■ WORK INSTRUCTIONS
The records are to be reproduced verbatim.
++++ RECORDS TO PROCESS ++++
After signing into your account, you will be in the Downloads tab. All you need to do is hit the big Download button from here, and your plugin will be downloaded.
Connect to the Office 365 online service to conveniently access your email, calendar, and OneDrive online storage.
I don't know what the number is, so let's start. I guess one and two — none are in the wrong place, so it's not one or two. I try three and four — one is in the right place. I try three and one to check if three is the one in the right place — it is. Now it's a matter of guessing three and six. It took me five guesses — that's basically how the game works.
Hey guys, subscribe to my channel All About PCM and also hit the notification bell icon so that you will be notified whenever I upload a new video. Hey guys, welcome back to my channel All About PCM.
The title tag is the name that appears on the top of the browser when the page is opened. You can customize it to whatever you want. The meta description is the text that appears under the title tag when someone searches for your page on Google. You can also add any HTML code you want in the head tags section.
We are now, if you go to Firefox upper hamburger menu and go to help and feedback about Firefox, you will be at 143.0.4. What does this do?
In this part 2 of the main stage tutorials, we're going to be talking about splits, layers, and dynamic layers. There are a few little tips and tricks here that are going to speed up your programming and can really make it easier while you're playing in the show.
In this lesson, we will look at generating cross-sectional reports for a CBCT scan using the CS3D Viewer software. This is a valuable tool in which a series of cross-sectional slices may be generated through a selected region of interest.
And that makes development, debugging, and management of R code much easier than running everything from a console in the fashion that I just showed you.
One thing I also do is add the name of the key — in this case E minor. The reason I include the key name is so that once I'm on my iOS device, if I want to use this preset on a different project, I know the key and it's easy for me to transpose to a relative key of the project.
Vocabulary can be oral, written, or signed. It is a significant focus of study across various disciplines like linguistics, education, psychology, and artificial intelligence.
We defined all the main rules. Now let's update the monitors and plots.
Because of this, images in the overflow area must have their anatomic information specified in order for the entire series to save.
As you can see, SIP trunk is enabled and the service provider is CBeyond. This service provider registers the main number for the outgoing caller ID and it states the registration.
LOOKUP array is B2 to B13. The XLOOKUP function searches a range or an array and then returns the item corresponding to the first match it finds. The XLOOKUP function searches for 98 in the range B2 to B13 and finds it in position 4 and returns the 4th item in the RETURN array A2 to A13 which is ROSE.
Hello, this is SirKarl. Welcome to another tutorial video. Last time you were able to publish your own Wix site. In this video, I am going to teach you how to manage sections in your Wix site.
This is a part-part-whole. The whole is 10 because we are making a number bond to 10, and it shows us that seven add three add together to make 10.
++++
■ SOLUTION BELOW
After signing into your account, you will be in the Downloads tab. All you need to do is hit the big Download button from here, and your plugin will be downloaded.
Connect to the Office 365 online service to conveniently access your email, calendar, and OneDrive online storage.
I don't know what the number is, so let's start. I guess one and two — none are in the wrong place, so it's not one or two. I try three and four — one is in the right place. I try three and one to check if three is the one in the right place — it is. Now it's a matter of guessing three and six. It took me five guesses — that's basically how the game works.
Hey guys, subscribe to my channel All About PCM and also hit the notification bell icon so that you will be notified whenever I upload a new video. Hey guys, welcome back to my channel All About PCM.
The title tag is the name that appears on the top of the browser when the page is opened. You can customize it to whatever you want. The meta description is the text that appears under the title tag when someone searches for your page on Google. You can also add any HTML code you want in the head tags section.
We are now, if you go to Firefox upper hamburger menu and go to help and feedback about Firefox, you will be at 143.0.4. What does this do?
In this part 2 of the main stage tutorials, we're going to be talking about splits, layers, and dynamic layers. There are a few little tips and tricks here that are going to speed up your programming and can really make it easier while you're playing in the show.
In this lesson, we will look at generating cross-sectional reports for a CBCT scan using the CS3D Viewer software. This is a valuable tool in which a series of cross-sectional slices may be generated through a selected region of interest.
And that makes development, debugging, and management of R code much easier than running everything from a console in the fashion that I just showed you.
One thing I also do is add the name of the key — in this case E minor. The reason I include the key name is so that once I'm on my iOS device, if I want to use this preset on a different project, I know the key and it's easy for me to transpose to a relative key of the project.
Vocabulary can be oral, written, or signed. It is a significant focus of study across various disciplines like linguistics, education, psychology, and artificial intelligence.
We defined all the main rules. Now let's update the monitors and plots.
Because of this, images in the overflow area must have their anatomic information specified in order for the entire series to save.
As you can see, SIP trunk is enabled and the service provider is CBeyond. This service provider registers the main number for the outgoing caller ID and it states the registration.
LOOKUP array is B2 to B13. The XLOOKUP function searches a range or an array and then returns the item corresponding to the first match it finds. The XLOOKUP function searches for 98 in the range B2 to B13 and finds it in position 4 and returns the 4th item in the RETURN array A2 to A13 which is ROSE.
Hello, this is SirKarl. Welcome to another tutorial video. Last time you were able to publish your own Wix site. In this video, I am going to teach you how to manage sections in your Wix site.
This is a part-part-whole. The whole is 10 because we are making a number bond to 10, and it shows us that seven add three add together to make 10.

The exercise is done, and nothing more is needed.